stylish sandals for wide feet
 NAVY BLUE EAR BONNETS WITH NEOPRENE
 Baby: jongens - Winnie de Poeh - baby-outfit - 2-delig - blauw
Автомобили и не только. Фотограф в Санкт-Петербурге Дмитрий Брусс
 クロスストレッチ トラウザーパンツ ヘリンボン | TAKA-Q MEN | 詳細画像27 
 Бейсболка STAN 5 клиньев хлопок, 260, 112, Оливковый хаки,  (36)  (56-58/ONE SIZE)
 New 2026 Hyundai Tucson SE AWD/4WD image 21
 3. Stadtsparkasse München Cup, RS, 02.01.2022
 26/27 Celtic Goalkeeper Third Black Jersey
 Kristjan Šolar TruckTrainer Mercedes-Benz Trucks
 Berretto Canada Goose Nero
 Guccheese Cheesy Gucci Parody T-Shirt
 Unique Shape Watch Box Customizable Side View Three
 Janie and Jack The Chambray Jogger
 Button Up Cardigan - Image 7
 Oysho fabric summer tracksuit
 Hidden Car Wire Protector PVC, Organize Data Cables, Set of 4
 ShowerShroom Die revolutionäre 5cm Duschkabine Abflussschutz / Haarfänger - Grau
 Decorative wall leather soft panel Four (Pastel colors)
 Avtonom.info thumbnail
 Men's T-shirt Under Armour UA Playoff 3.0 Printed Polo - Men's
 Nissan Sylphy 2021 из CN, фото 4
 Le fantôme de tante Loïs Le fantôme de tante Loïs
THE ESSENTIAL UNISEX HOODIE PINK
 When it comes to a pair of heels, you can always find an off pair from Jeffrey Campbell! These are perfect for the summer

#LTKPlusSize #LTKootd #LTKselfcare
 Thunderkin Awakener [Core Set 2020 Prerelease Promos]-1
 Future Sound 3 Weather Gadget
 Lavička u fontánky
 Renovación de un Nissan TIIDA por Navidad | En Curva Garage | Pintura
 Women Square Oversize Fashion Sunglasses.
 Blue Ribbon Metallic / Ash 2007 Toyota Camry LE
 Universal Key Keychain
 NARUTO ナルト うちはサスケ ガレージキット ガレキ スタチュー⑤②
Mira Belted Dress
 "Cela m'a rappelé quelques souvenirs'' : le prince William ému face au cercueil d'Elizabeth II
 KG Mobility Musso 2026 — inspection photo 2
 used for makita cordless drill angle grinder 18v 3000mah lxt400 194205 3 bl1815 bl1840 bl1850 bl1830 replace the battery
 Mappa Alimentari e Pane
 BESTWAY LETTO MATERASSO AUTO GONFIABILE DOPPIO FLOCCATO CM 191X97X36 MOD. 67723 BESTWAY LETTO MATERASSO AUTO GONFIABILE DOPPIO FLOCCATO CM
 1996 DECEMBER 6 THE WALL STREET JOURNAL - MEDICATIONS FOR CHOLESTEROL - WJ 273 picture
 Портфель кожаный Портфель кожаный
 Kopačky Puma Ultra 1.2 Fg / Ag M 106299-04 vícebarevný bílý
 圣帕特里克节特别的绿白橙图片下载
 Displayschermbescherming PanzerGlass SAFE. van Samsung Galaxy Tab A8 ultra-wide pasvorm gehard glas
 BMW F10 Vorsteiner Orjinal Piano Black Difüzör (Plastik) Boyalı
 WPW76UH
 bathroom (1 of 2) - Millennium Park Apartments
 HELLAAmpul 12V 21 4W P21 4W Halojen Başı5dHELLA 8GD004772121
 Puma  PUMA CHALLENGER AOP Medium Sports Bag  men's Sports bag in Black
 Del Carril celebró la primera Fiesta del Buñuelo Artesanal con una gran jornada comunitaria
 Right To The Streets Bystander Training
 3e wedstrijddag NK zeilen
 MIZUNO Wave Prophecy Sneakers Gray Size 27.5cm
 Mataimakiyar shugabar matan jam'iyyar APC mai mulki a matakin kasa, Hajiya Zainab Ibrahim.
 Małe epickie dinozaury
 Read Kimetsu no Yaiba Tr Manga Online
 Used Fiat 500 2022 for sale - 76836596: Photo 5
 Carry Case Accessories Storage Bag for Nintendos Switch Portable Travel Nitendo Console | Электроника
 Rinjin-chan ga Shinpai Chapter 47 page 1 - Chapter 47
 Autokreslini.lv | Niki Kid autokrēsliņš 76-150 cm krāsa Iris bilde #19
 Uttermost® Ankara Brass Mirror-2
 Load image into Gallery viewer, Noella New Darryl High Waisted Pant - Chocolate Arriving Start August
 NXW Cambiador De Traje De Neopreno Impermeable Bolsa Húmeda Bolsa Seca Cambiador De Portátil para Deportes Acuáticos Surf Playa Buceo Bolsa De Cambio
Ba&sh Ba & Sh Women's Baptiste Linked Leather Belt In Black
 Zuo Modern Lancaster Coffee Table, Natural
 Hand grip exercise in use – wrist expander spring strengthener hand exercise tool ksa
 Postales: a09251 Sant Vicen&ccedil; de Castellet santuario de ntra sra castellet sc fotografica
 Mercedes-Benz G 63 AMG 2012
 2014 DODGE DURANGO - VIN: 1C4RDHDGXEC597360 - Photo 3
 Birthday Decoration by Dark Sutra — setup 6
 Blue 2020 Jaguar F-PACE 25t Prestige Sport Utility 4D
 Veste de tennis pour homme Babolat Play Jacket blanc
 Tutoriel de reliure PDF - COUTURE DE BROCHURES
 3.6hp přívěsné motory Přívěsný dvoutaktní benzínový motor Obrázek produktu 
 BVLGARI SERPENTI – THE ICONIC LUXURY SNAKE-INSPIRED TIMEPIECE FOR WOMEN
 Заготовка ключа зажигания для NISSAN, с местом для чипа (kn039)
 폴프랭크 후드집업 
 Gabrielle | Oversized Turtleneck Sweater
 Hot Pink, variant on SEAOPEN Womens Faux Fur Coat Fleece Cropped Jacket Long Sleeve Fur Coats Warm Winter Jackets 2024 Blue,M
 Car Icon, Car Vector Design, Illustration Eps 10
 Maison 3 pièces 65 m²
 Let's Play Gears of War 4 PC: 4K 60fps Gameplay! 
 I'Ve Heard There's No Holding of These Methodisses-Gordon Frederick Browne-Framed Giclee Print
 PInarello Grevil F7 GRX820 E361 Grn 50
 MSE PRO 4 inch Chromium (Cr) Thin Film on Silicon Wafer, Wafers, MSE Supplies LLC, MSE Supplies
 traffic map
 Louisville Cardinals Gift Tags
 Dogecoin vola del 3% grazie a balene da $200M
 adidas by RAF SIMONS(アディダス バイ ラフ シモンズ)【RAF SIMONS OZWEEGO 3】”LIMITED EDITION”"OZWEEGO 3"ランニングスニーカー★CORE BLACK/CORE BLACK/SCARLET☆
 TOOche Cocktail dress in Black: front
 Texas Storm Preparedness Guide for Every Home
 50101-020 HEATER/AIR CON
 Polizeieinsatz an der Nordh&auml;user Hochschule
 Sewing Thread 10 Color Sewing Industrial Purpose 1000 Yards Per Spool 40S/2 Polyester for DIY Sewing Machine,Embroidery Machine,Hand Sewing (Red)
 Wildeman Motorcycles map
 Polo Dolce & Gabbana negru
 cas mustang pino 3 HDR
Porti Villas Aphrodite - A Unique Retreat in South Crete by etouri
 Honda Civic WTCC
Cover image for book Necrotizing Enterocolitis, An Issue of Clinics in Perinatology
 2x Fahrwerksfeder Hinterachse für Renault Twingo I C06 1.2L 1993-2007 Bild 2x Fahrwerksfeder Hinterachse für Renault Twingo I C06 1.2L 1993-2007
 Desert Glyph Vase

WORK INSTRUCTIONS
Reproduce the material word for word. Leave nothing out.

REPLY TO THE TASK
stylish sandals for wide feet
 NAVY BLUE EAR BONNETS WITH NEOPRENE
 Baby: jongens - Winnie de Poeh - baby-outfit - 2-delig - blauw
Автомобили и не только. Фотограф в Санкт-Петербурге Дмитрий Брусс
 クロスストレッチ トラウザーパンツ ヘリンボン | TAKA-Q MEN | 詳細画像27 
 Бейсболка STAN 5 клиньев хлопок, 260, 112, Оливковый хаки,  (36)  (56-58/ONE SIZE)
 New 2026 Hyundai Tucson SE AWD/4WD image 21
 3. Stadtsparkasse München Cup, RS, 02.01.2022
 26/27 Celtic Goalkeeper Third Black Jersey
 Kristjan Šolar TruckTrainer Mercedes-Benz Trucks
 Berretto Canada Goose Nero
 Guccheese Cheesy Gucci Parody T-Shirt
 Unique Shape Watch Box Customizable Side View Three
 Janie and Jack The Chambray Jogger
 Button Up Cardigan - Image 7
 Oysho fabric summer tracksuit
 Hidden Car Wire Protector PVC, Organize Data Cables, Set of 4
 ShowerShroom Die revolutionäre 5cm Duschkabine Abflussschutz / Haarfänger - Grau
 Decorative wall leather soft panel Four (Pastel colors)
 Avtonom.info thumbnail
 Men's T-shirt Under Armour UA Playoff 3.0 Printed Polo - Men's
 Nissan Sylphy 2021 из CN, фото 4
 Le fantôme de tante Loïs Le fantôme de tante Loïs
THE ESSENTIAL UNISEX HOODIE PINK
 When it comes to a pair of heels, you can always find an off pair from Jeffrey Campbell! These are perfect for the summer

#LTKPlusSize #LTKootd #LTKselfcare
 Thunderkin Awakener [Core Set 2020 Prerelease Promos]-1
 Future Sound 3 Weather Gadget
 Lavička u fontánky
 Renovación de un Nissan TIIDA por Navidad | En Curva Garage | Pintura
 Women Square Oversize Fashion Sunglasses.
 Blue Ribbon Metallic / Ash 2007 Toyota Camry LE
 Universal Key Keychain
 NARUTO ナルト うちはサスケ ガレージキット ガレキ スタチュー⑤②
Mira Belted Dress
 "Cela m'a rappelé quelques souvenirs'' : le prince William ému face au cercueil d'Elizabeth II
 KG Mobility Musso 2026 — inspection photo 2
 used for makita cordless drill angle grinder 18v 3000mah lxt400 194205 3 bl1815 bl1840 bl1850 bl1830 replace the battery
 Mappa Alimentari e Pane
 BESTWAY LETTO MATERASSO AUTO GONFIABILE DOPPIO FLOCCATO CM 191X97X36 MOD. 67723 BESTWAY LETTO MATERASSO AUTO GONFIABILE DOPPIO FLOCCATO CM
 1996 DECEMBER 6 THE WALL STREET JOURNAL - MEDICATIONS FOR CHOLESTEROL - WJ 273 picture
 Портфель кожаный Портфель кожаный
 Kopačky Puma Ultra 1.2 Fg / Ag M 106299-04 vícebarevný bílý
 圣帕特里克节特别的绿白橙图片下载
 Displayschermbescherming PanzerGlass SAFE. van Samsung Galaxy Tab A8 ultra-wide pasvorm gehard glas
 BMW F10 Vorsteiner Orjinal Piano Black Difüzör (Plastik) Boyalı
 WPW76UH
 bathroom (1 of 2) - Millennium Park Apartments
 HELLAAmpul 12V 21 4W P21 4W Halojen Başı5dHELLA 8GD004772121
 Puma  PUMA CHALLENGER AOP Medium Sports Bag  men's Sports bag in Black
 Del Carril celebró la primera Fiesta del Buñuelo Artesanal con una gran jornada comunitaria
 Right To The Streets Bystander Training
 3e wedstrijddag NK zeilen
 MIZUNO Wave Prophecy Sneakers Gray Size 27.5cm
 Mataimakiyar shugabar matan jam'iyyar APC mai mulki a matakin kasa, Hajiya Zainab Ibrahim.
 Małe epickie dinozaury
 Read Kimetsu no Yaiba Tr Manga Online
 Used Fiat 500 2022 for sale - 76836596: Photo 5
 Carry Case Accessories Storage Bag for Nintendos Switch Portable Travel Nitendo Console | Электроника
 Rinjin-chan ga Shinpai Chapter 47 page 1 - Chapter 47
 Autokreslini.lv | Niki Kid autokrēsliņš 76-150 cm krāsa Iris bilde #19
 Uttermost® Ankara Brass Mirror-2
 Load image into Gallery viewer, Noella New Darryl High Waisted Pant - Chocolate Arriving Start August
 NXW Cambiador De Traje De Neopreno Impermeable Bolsa Húmeda Bolsa Seca Cambiador De Portátil para Deportes Acuáticos Surf Playa Buceo Bolsa De Cambio
Ba&sh Ba & Sh Women's Baptiste Linked Leather Belt In Black
 Zuo Modern Lancaster Coffee Table, Natural
 Hand grip exercise in use – wrist expander spring strengthener hand exercise tool ksa
 Postales: a09251 Sant Vicen&ccedil; de Castellet santuario de ntra sra castellet sc fotografica
 Mercedes-Benz G 63 AMG 2012
 2014 DODGE DURANGO - VIN: 1C4RDHDGXEC597360 - Photo 3
 Birthday Decoration by Dark Sutra — setup 6
 Blue 2020 Jaguar F-PACE 25t Prestige Sport Utility 4D
 Veste de tennis pour homme Babolat Play Jacket blanc
 Tutoriel de reliure PDF - COUTURE DE BROCHURES
 3.6hp přívěsné motory Přívěsný dvoutaktní benzínový motor Obrázek produktu 
 BVLGARI SERPENTI – THE ICONIC LUXURY SNAKE-INSPIRED TIMEPIECE FOR WOMEN
 Заготовка ключа зажигания для NISSAN, с местом для чипа (kn039)
 폴프랭크 후드집업 
 Gabrielle | Oversized Turtleneck Sweater
 Hot Pink, variant on SEAOPEN Womens Faux Fur Coat Fleece Cropped Jacket Long Sleeve Fur Coats Warm Winter Jackets 2024 Blue,M
 Car Icon, Car Vector Design, Illustration Eps 10
 Maison 3 pièces 65 m²
 Let's Play Gears of War 4 PC: 4K 60fps Gameplay! 
 I'Ve Heard There's No Holding of These Methodisses-Gordon Frederick Browne-Framed Giclee Print
 PInarello Grevil F7 GRX820 E361 Grn 50
 MSE PRO 4 inch Chromium (Cr) Thin Film on Silicon Wafer, Wafers, MSE Supplies LLC, MSE Supplies
 traffic map
 Louisville Cardinals Gift Tags
 Dogecoin vola del 3% grazie a balene da $200M
 adidas by RAF SIMONS(アディダス バイ ラフ シモンズ)【RAF SIMONS OZWEEGO 3】”LIMITED EDITION”"OZWEEGO 3"ランニングスニーカー★CORE BLACK/CORE BLACK/SCARLET☆
 TOOche Cocktail dress in Black: front
 Texas Storm Preparedness Guide for Every Home
 50101-020 HEATER/AIR CON
 Polizeieinsatz an der Nordh&auml;user Hochschule
 Sewing Thread 10 Color Sewing Industrial Purpose 1000 Yards Per Spool 40S/2 Polyester for DIY Sewing Machine,Embroidery Machine,Hand Sewing (Red)
 Wildeman Motorcycles map
 Polo Dolce & Gabbana negru
 cas mustang pino 3 HDR
Porti Villas Aphrodite - A Unique Retreat in South Crete by etouri
 Honda Civic WTCC
Cover image for book Necrotizing Enterocolitis, An Issue of Clinics in Perinatology
 2x Fahrwerksfeder Hinterachse für Renault Twingo I C06 1.2L 1993-2007 Bild 2x Fahrwerksfeder Hinterachse für Renault Twingo I C06 1.2L 1993-2007
 Desert Glyph Vase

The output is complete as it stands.